Wednesday, June 11, 2008

Not All Bad


Sorry all, that I haven't posted here for a while. Do you know, I think it's because I've actually had a life! Okay, it's only been gardening and meeting friends, and doing the odd arty course, but it has felt great. After nearly three years of living unwillingly alone, I think I am getting the hang of it.

So this article that I bumped into online, via the Daily Mail website, seemed just the thing to share - The Joys of Living Alone. Here are some of the best bits -


We are the ones who know the bliss of waking on a weekday morning to a calm and clutter-free home, with time to grind the coffee beans, bathe to the sound of Bach and perhaps do a few yoga stretches before setting off for work - pretty well impossible if you share your home with others.

Living alone allows creativity to flourish.
Author Frances Fyfield, in her 50s, believes solitude permits her to be more herself and even helps her relationships more than marriage.
"I have had fewer but more sustainable relationships since my marriage," she says. "There are all sorts of ways to live and love."

This is a new phenomenon made possible by the fact that women can now afford to do what they want - and increasingly, what they want is to live alone.

One of them is 58-year-old Lucy Austin.
"My children don't know what's wrong with me," she says.
"They really like Tom, my partner of the past few years.
"I was nervous of telling them about my new relationship, but it's a long time since their father died and they were delighted for me.
"They are anxious for us to get married or move in together.
"I know it's what Tom would like, and I think my daughters are worried that if I don't marry him, he will go off with someone else!"
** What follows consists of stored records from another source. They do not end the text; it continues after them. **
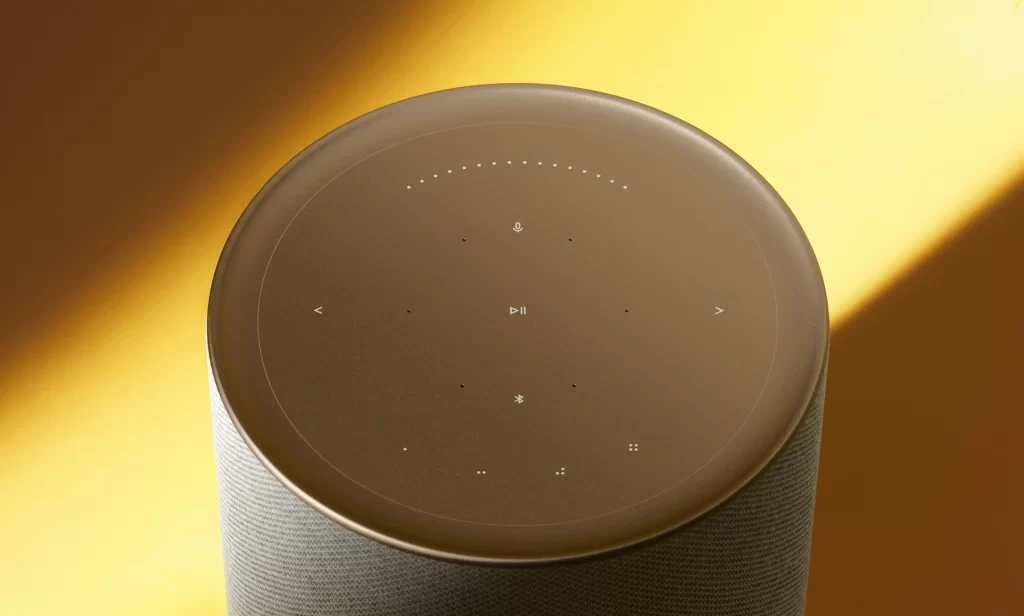 Bang & Olufsen Fabric Overhead View Beosound Balance Speaker
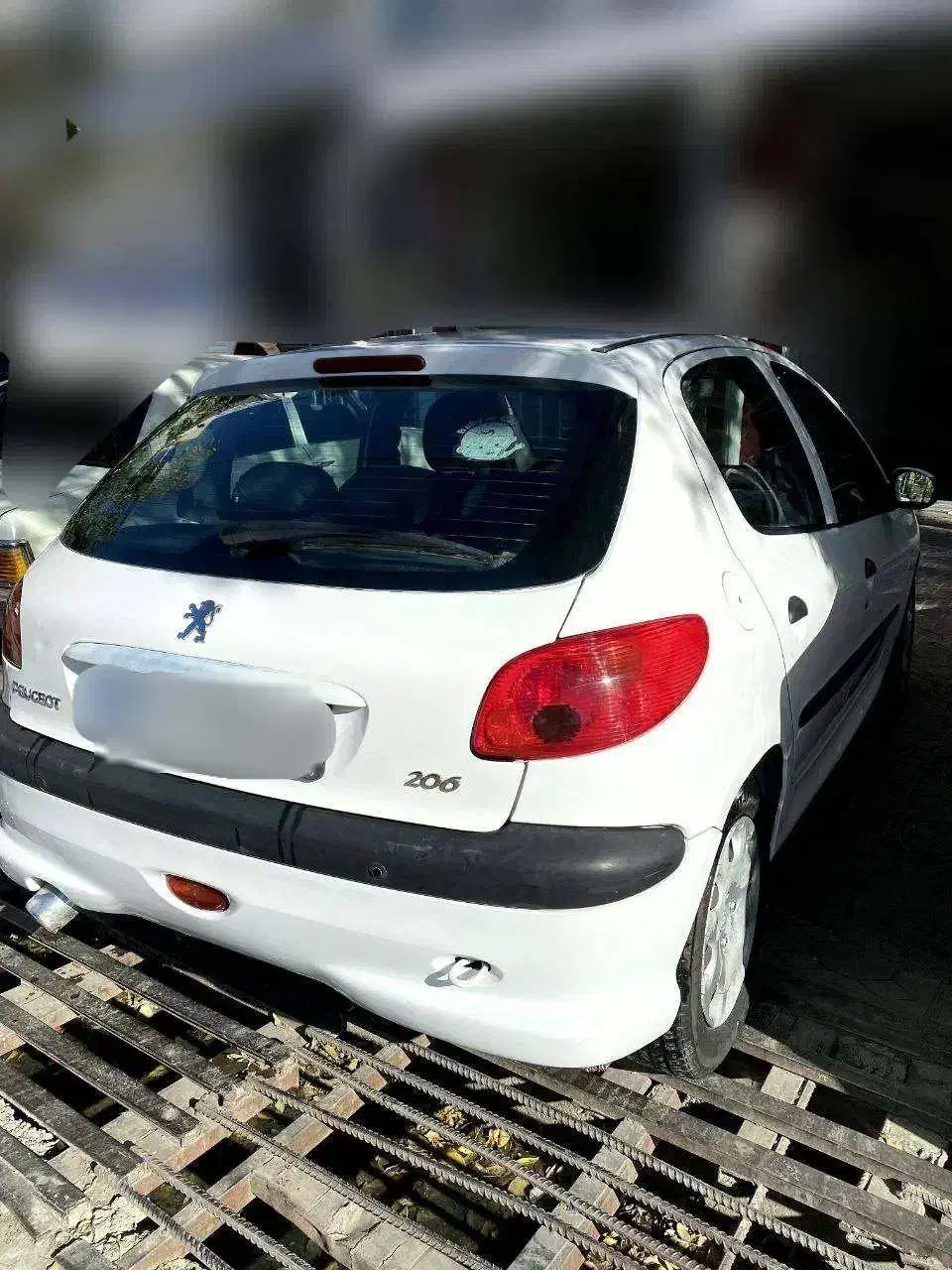 اگهی فروش خودرو ۲۰۶ تیپ ۵ (TU5)|خودرو سواری و وانت|مریوان, |دیوار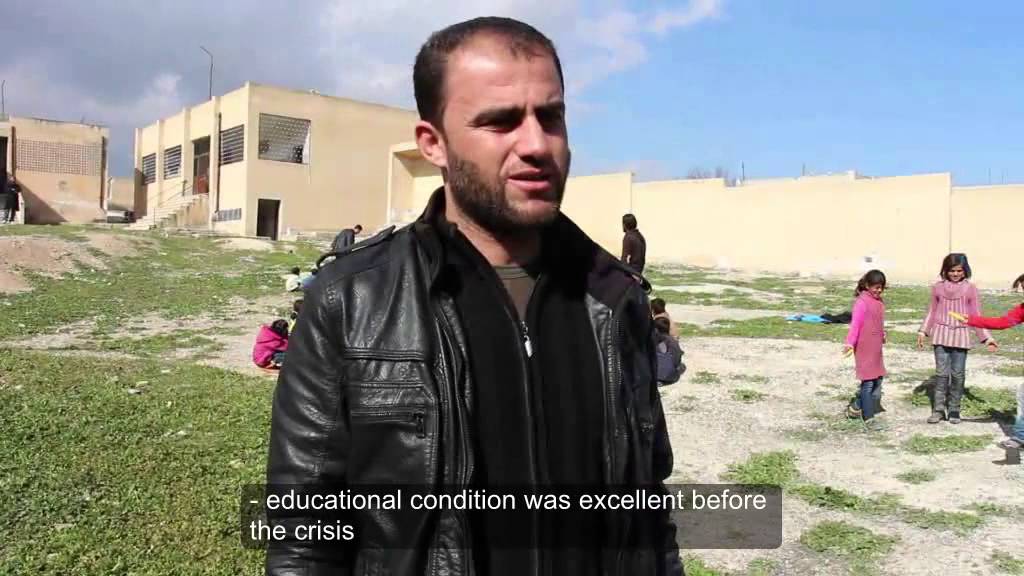 مدرسة فراس الحراكي في قرية صهيان -مدارس مشروع غراس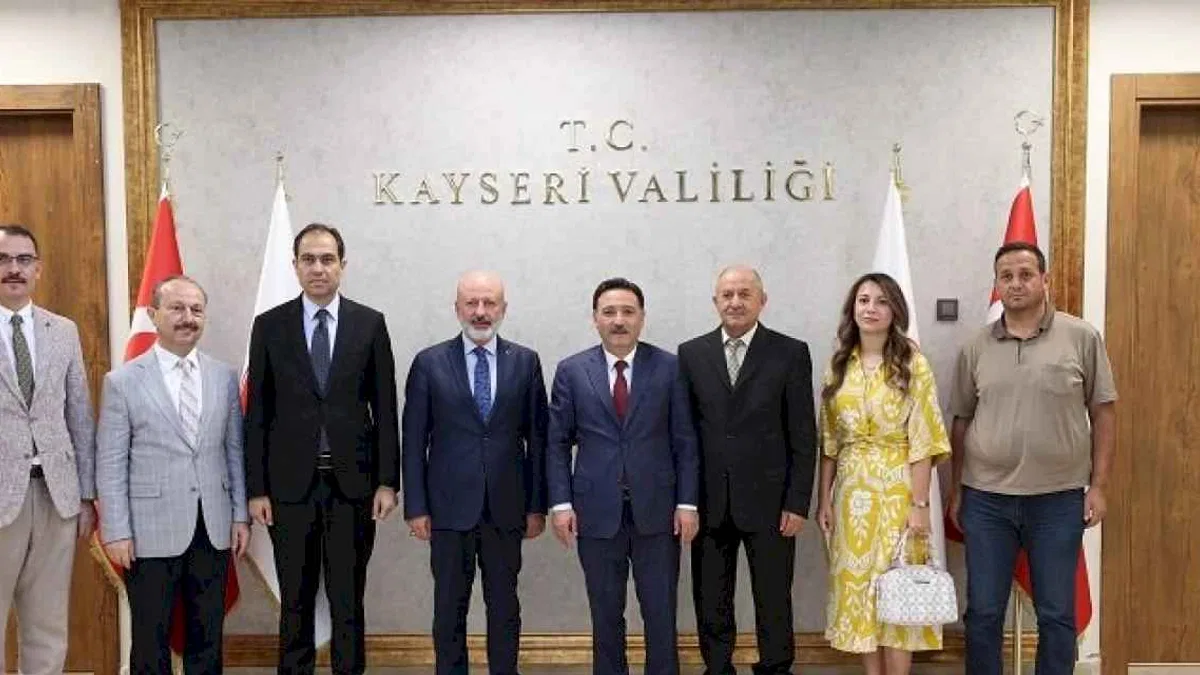 Başkan Çolakbayrakdar: Kocasinan’ı her alanda kalkındırıyoruz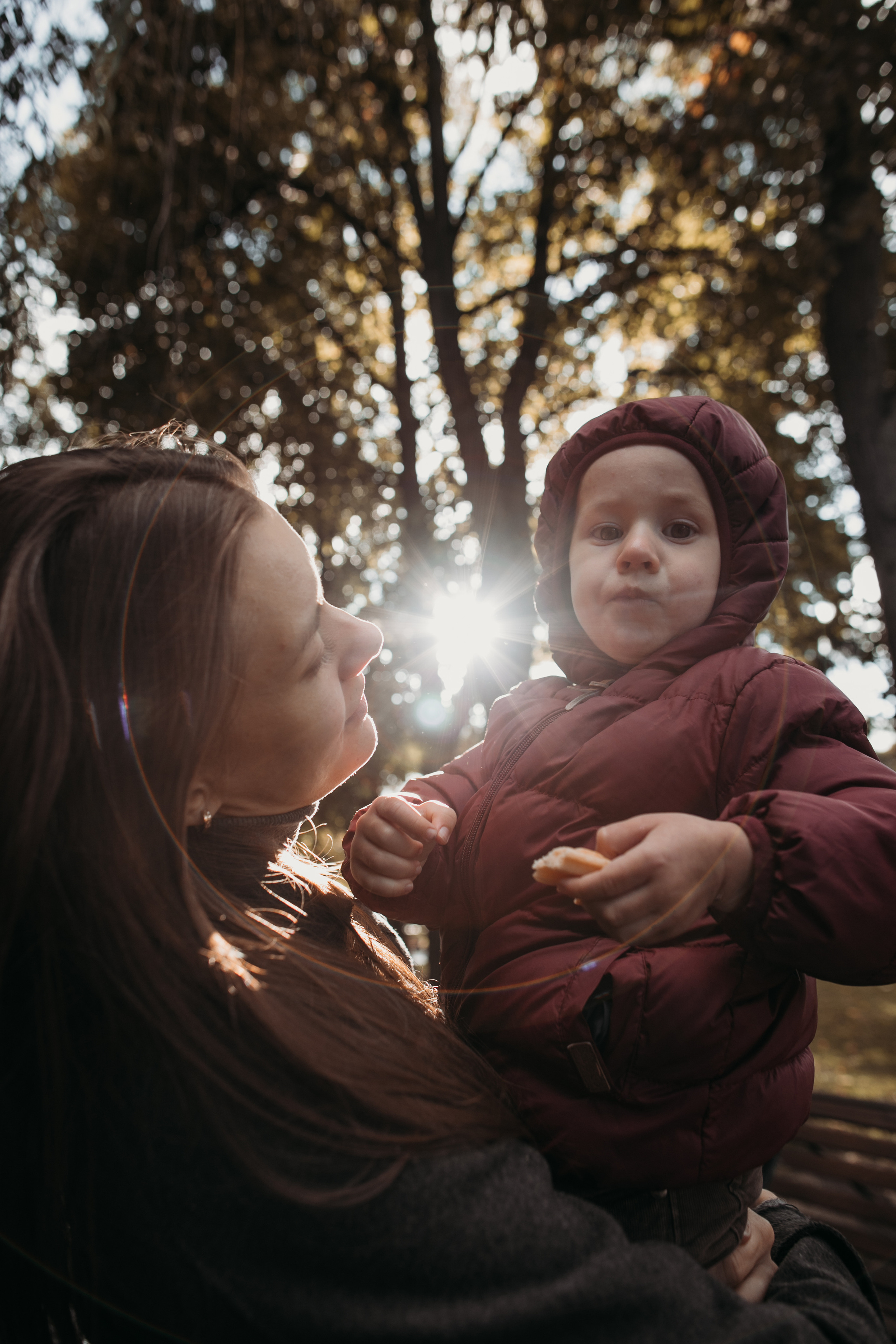 В Парке Горького. Свадебный фотограф в Москве Аля Загирова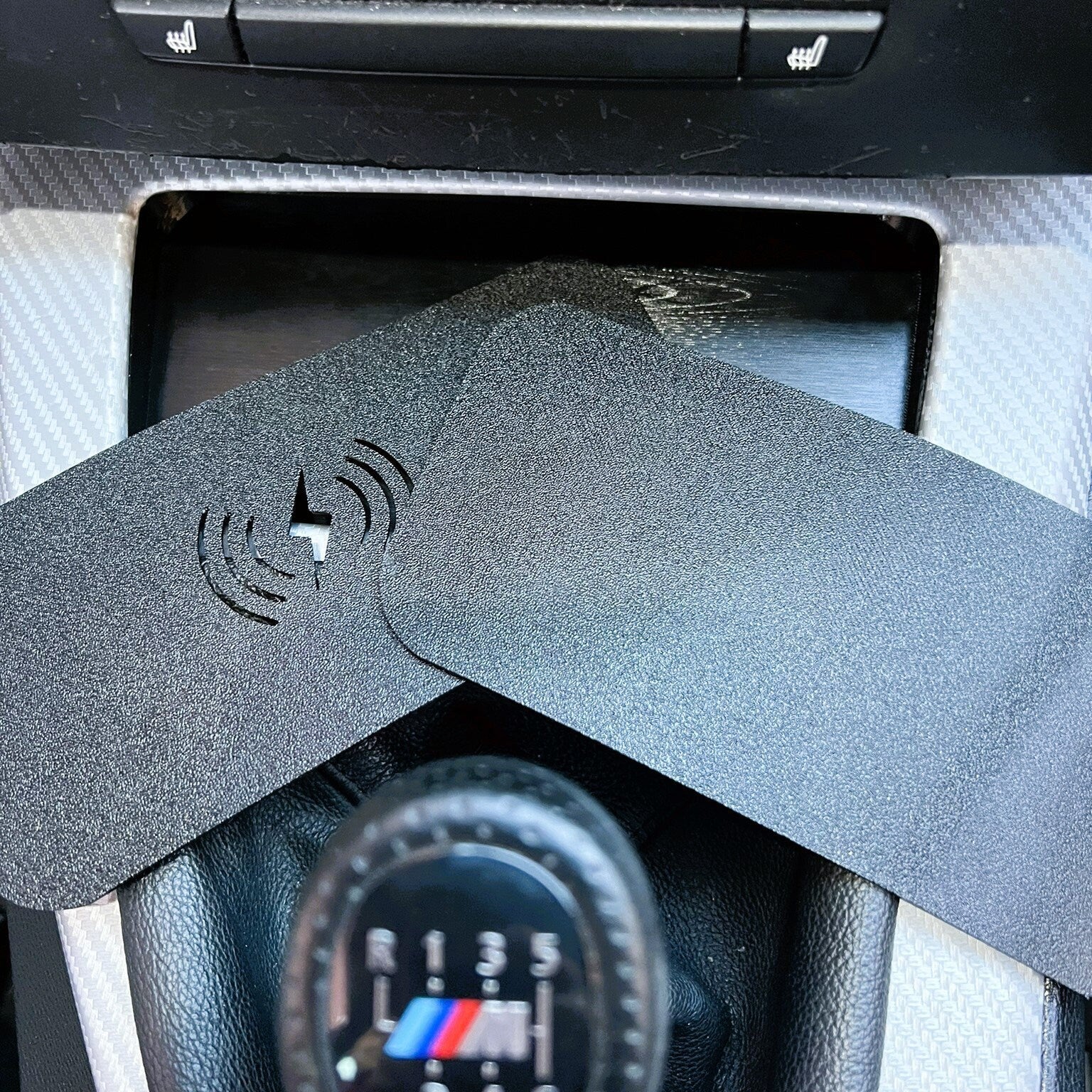 Zusätzliche TPU - Antirutschmatte für BMW 3er Serie (E9X) Wireless Charger - Exact Designs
But that is a risk Lucy is willing to take: "I am very happy and it is lovely to have a companion to go to the theatre or dinner with on a Saturday night.
"It's great to have someone to go on holiday with. But I am quite adamant that we live apart: I love living alone and don't want to live with anyone else again."

Donna Baxter, 50, who has lived alone happily for four years since her divorce, says, "It may be different now for women who spend decades partying and being single when they're young.

"But for those of us who spent our 20s and 30s either bringing up children or, like me, working and bringing up children, the joy I get from the extra hours I seem to have gained by living on my own just cannot be overemphasised.
"My husband would grouch if I had the bedside light on to read after he wanted to sleep.
"Now I read until four in the morning, munching digestives in bed with the World Service on the radio.
"Sometimes I laugh out loud because I'm so happy!
"I have met a kind man whose company I enjoy, but I honestly can't see myself ever giving up the freedom I now have to do exactly what I want, when I want."



I wonder what are the best bits of living alone for you? (let's not think about the bad stuff today)

For me, it would have to be:

The freedom to eat what and when I want, and ESPECIALLY, not having to cook for anyone else, after more than thirty years of it.

The calmness. No arguments, Radio 3 with my breakfast if I want it or - sheer decadence - The Rockford Files...

Dressing to please myself. I really, really don't care what anyone thinks about how I look and for the first time in my life I find I am developing my own style - Annie Oakley meets Worzel Gummidge...

Making and maintaining friendships. When I was one of the smug married brigade, we didn't need friends, we had each other. Now I find that, although obviously I need friends more than I did, I also am available for them and their problems more than I ever was before. I've strengthened some wonderful friendships in the last three years, with benefits on both sides.